Dai-san pointed out to me that all the participating artists work with the human figure. I wondered how I hadn’t noticed this before. But of course, the silence I wanted to talk about is the one we carry in ourselves – and the wish to become a lamp.
I was introduced to Amano Yasushi by a mutual friend and was immediately drawn to his work.
Later after getting to know him, I further understood that we share similar wishes for what we create despite their taking quite different forms. Amano’s figures have a strong individuality but equally an archaic openness. They remind me of religious icons that sometimes feel for their lack of words more human than humans. They are soft and warm as if Amano was able to imbue the earth from which they are made with breath and a pulse.
Arisa Yoshioka often works from her own photographs and during the process her motifs take on new forms, whereby her source mingles with her inner workings. I feel that this process goes both ways: just as her daily life is mixed with her psyche and applied to canvas, so too is her life transformed into a wondrous adventure by her painting.
I am always excited and revitalised by the glimpses she shares with us of the world seen through her mind and her eyes.
The world that Shigeo Otake has built and inhabited for years captivates through its eerie ambivalent beauty. There is much one can write about his rich oeuvre, but I want to briefly touch on an aspect that has been especially fascinating to me. He describes the world found in many of his paintings as one in which a fungal infestation has taken hold of its human inhabitants, giving birth to a new cross-species of fungal-humans.

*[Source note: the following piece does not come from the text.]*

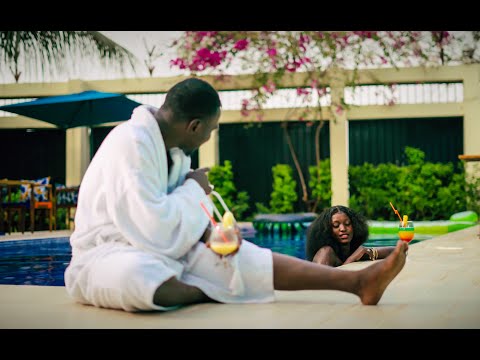 FAKOLY LEZY - DIARABI BANA (Clip Officiel)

As a metaphor, I associate the seeds that were unknowingly inhaled by these humans, transforming their lives in the process, with the notion of culture – or in a grimmer reading, with political systems or technology that in the end are able to consume humanity itself. Seen in another light, I am also reminded of the saying by the Zen Priest Munan: “Die while you are alive, and be absolutely dead. Whatever you do then will always be good.”
In Shigeo Otake’s The Witching Hour, we see a building that no longer exists in a physical sense. It harks back to a former juvenile detention facility that Otake had seen in his youth. As bats fly ominously in the twilight above, I can’t help but feel transported to the perspective of the young girl in the scene – as curious as she is wary of what she sees. Her stillness is fraught with tension as a clear decision faces her – to flee or to enter. With all of this, I end up thinking of the shadows within ourselves that we unsuccessfully banish until we learn to face them properly and reintegrate them. And what about the strange creature lurking around the corner? I’m reminded of Albert Camus’ famous quote: “At any street corner the feeling of absurdity can strike any man in the face.”
Ultimately, rather than the darker nuances of Camus’ thought, I prefer to consider the absurd as something benevolent, a messenger of a divine light.